## EXERCISE DIRECTIONS
Exactly the lines from the line with "Full Length Knit Overall - Light Blue Check" through the final line of the records below, both ends included, are to be set down. Do not include pictures.

---*---

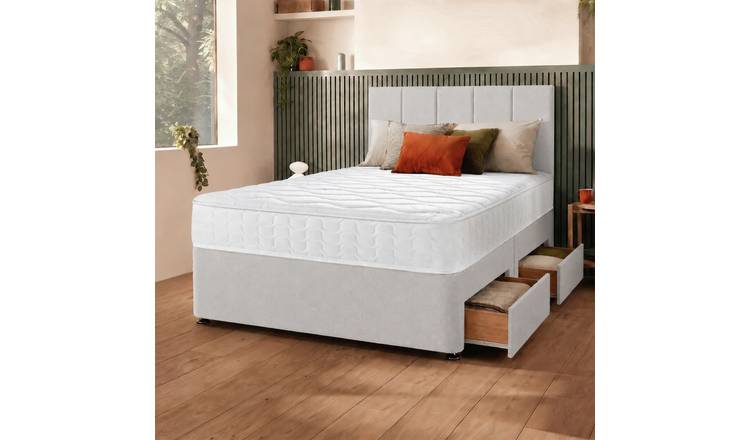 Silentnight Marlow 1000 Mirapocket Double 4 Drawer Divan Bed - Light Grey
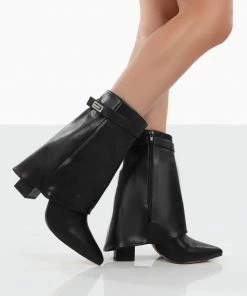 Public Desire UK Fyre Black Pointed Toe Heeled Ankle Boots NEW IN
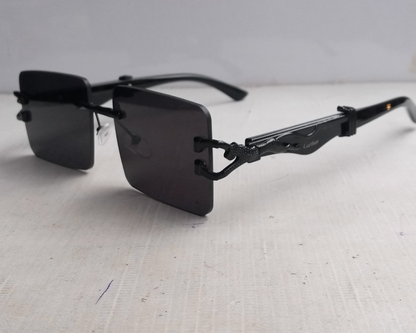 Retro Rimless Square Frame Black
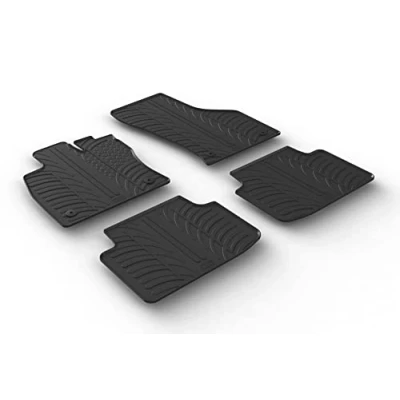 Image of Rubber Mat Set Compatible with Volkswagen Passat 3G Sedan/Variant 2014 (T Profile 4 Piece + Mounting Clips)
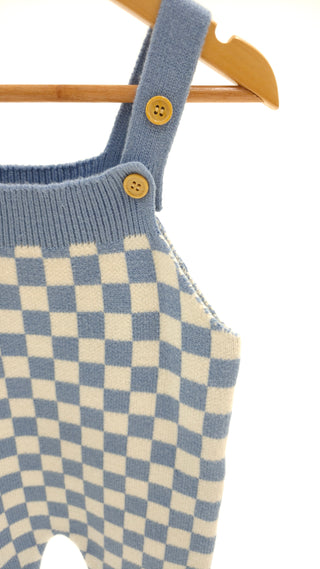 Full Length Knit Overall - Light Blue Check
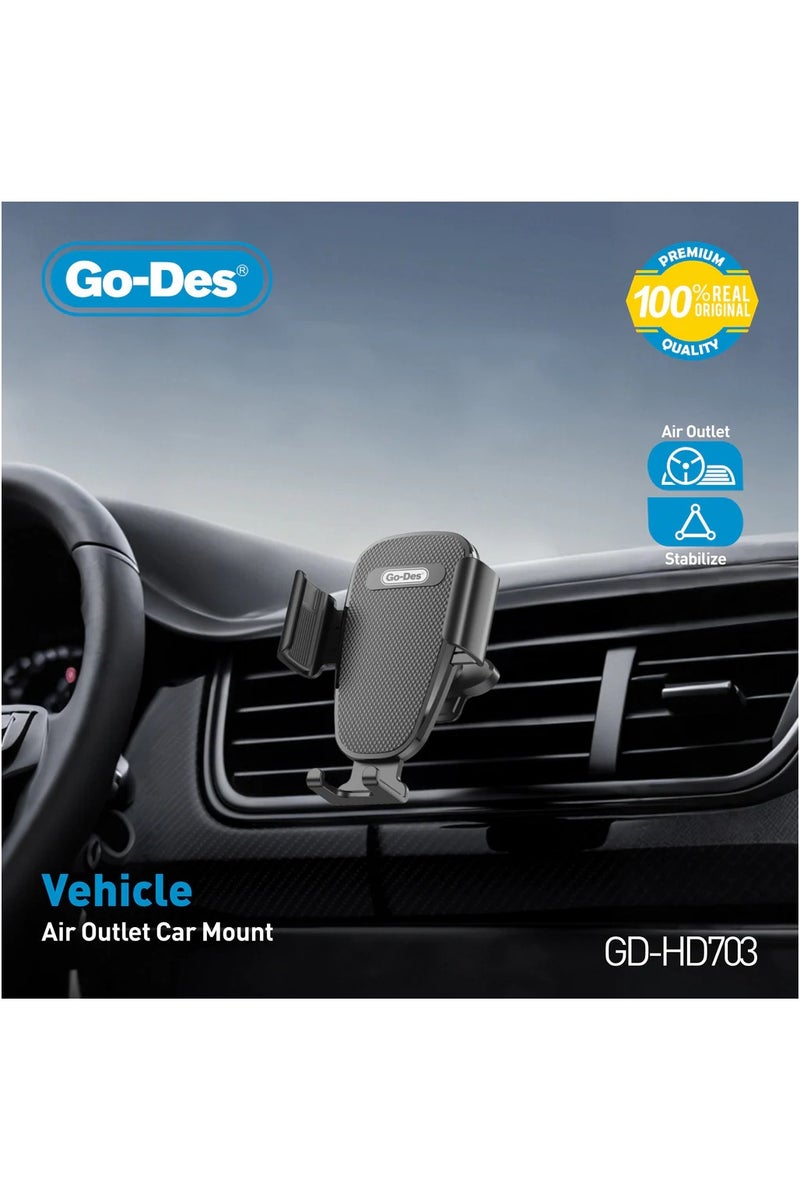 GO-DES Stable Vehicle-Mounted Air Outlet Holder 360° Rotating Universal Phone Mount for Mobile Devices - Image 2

---*---

## SOLUTION BELOW
 Full Length Knit Overall - Light Blue Check
 GO-DES Stable Vehicle-Mounted Air Outlet Holder 360° Rotating Universal Phone Mount for Mobile Devices - Image 2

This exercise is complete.